▶ [GOAL OF THE EXERCISE]:
Leaving out every line that comes before the one containing "Tigaie Dublă Grill", output the rest of the records exactly, the final line included.

(Records contained in a dataset)
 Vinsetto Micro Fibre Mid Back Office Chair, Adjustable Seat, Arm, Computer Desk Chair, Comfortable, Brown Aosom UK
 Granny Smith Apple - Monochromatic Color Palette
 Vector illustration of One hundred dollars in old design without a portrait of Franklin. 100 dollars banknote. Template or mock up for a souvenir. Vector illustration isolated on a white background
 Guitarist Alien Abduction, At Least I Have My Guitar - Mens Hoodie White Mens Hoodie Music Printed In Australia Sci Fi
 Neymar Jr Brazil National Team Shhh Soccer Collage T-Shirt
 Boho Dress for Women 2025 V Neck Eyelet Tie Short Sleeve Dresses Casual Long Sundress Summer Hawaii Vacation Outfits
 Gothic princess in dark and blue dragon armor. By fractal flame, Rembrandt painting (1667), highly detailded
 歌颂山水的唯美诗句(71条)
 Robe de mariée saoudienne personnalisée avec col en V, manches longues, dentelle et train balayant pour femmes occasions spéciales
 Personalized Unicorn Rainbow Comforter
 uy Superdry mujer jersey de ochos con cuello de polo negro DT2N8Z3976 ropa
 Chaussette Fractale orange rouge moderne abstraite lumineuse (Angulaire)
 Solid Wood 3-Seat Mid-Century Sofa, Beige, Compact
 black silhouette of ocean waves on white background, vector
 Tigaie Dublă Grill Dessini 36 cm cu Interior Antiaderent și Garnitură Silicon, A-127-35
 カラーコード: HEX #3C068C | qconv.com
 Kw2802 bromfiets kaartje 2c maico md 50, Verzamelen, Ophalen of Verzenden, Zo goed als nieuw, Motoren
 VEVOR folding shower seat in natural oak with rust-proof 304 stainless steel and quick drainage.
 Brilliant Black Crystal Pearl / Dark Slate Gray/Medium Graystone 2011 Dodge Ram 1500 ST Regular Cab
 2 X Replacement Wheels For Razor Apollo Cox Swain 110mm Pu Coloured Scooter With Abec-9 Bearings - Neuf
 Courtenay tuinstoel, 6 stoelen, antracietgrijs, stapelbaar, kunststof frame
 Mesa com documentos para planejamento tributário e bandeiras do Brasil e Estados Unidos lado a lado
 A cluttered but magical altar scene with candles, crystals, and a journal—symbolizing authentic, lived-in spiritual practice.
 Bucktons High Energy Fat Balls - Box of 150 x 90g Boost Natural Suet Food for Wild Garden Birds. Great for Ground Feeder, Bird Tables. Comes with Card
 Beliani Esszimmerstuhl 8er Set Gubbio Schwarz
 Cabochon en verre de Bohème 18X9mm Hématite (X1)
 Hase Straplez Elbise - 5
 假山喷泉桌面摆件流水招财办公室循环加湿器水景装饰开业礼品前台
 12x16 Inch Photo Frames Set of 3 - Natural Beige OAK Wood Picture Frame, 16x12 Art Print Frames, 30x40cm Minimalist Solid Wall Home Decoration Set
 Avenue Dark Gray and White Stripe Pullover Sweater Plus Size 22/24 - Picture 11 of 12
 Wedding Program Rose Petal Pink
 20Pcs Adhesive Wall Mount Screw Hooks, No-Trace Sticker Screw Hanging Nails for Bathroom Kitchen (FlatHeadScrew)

▶ [WRITTEN REPLY]:
 Tigaie Dublă Grill Dessini 36 cm cu Interior Antiaderent și Garnitură Silicon, A-127-35
 カラーコード: HEX #3C068C | qconv.com
 Kw2802 bromfiets kaartje 2c maico md 50, Verzamelen, Ophalen of Verzenden, Zo goed als nieuw, Motoren
 VEVOR folding shower seat in natural oak with rust-proof 304 stainless steel and quick drainage.
 Brilliant Black Crystal Pearl / Dark Slate Gray/Medium Graystone 2011 Dodge Ram 1500 ST Regular Cab
 2 X Replacement Wheels For Razor Apollo Cox Swain 110mm Pu Coloured Scooter With Abec-9 Bearings - Neuf
 Courtenay tuinstoel, 6 stoelen, antracietgrijs, stapelbaar, kunststof frame
 Mesa com documentos para planejamento tributário e bandeiras do Brasil e Estados Unidos lado a lado
 A cluttered but magical altar scene with candles, crystals, and a journal—symbolizing authentic, lived-in spiritual practice.
 Bucktons High Energy Fat Balls - Box of 150 x 90g Boost Natural Suet Food for Wild Garden Birds. Great for Ground Feeder, Bird Tables. Comes with Card
 Beliani Esszimmerstuhl 8er Set Gubbio Schwarz
 Cabochon en verre de Bohème 18X9mm Hématite (X1)
 Hase Straplez Elbise - 5
 假山喷泉桌面摆件流水招财办公室循环加湿器水景装饰开业礼品前台
 12x16 Inch Photo Frames Set of 3 - Natural Beige OAK Wood Picture Frame, 16x12 Art Print Frames, 30x40cm Minimalist Solid Wall Home Decoration Set
 Avenue Dark Gray and White Stripe Pullover Sweater Plus Size 22/24 - Picture 11 of 12
 Wedding Program Rose Petal Pink
 20Pcs Adhesive Wall Mount Screw Hooks, No-Trace Sticker Screw Hanging Nails for Bathroom Kitchen (FlatHeadScrew)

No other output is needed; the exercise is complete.